Privilégier des dispositifs pédagogiques permettant à l’étudiant de travailler en autonomie à la maison réduit fortement la dépendance au numérique. Celui-ci peut faciliter l’organisation du travail, mais rien n’empêche de donner les consignes et le matériel pédagogique en papier lors des moments à l’école. Une connexion de basse qualité suffit pour télécharger des documents. Voir une capsule vidéo de quelques minutes ne demande pas d’avoir accès à un ordinateur toute la journée. Un élève sans la moindre connexion peut être autorisé à venir à l’école tous les jours.

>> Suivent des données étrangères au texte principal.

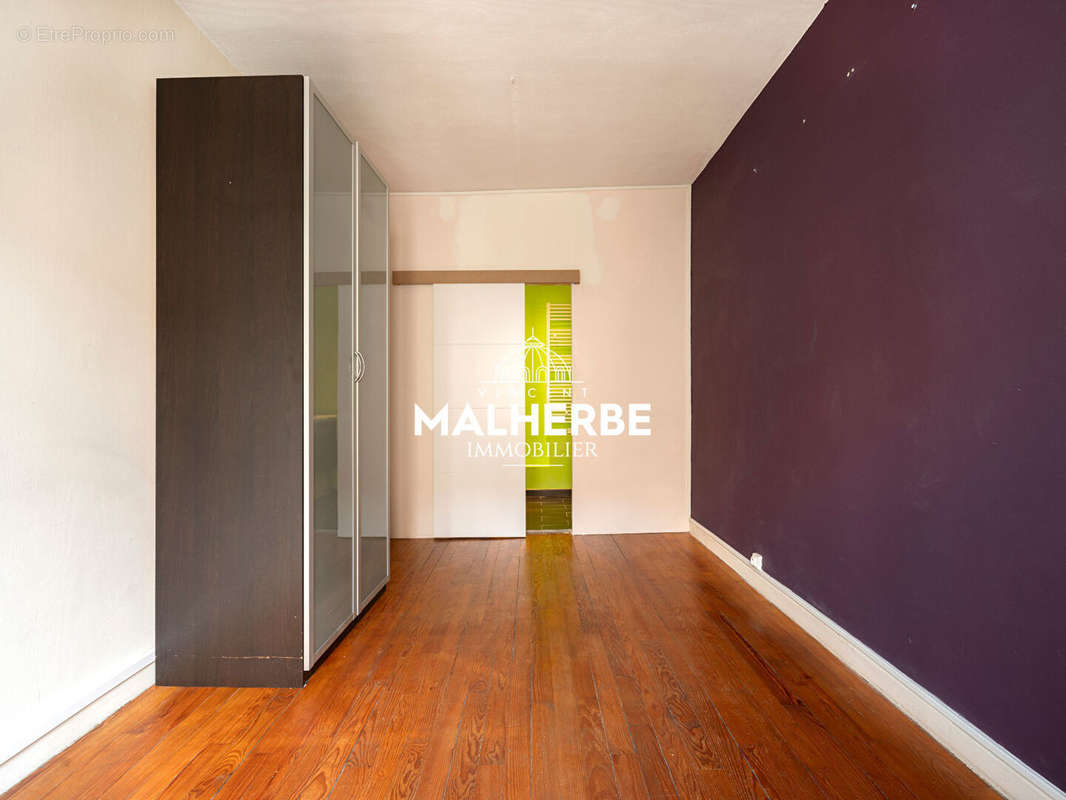 Appartement à NANCY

Les possibilités sont nombreuses, mais cela ne s’improvise pas. On ne part pas de rien cependant. Cet enseignement hybride, certains enseignants s’y préparent depuis le mois de mai, d’autres recourent déjà à des dispositifs similaires. Cadastrer et partager ces initiatives serait un bon début. Les conseillers pédagogiques des réseaux, notamment, pourraient être mobilisés pour créer durant les prochaines semaines des dispositifs spécifiques et les mettre à la disposition des enseignants.

Tout cela aurait pu - aurait dû ! - déjà être fait si, à la sortie de la première vague, un signal clair avait été donné que la rentrée, dans les grandes classes, se ferait en alternant distanciel et présentiel. Cela a été envisagé, mais le début du déconfinement a donné l’illusion que la crise sanitaire n’était qu’une parenthèse. Ce fut une erreur. Ne refaisons pas la même erreur aujourd’hui. Cessons de courir derrière l’épidémie. Privilégions le distanciel dans le secondaire tant que le contexte sanitaire l’exige, laissons aux acteurs de l’enseignement le temps de s’organiser sereinement et donnons-nous les moyens d’expérimenter cet hiver une autre manière d’enseigner.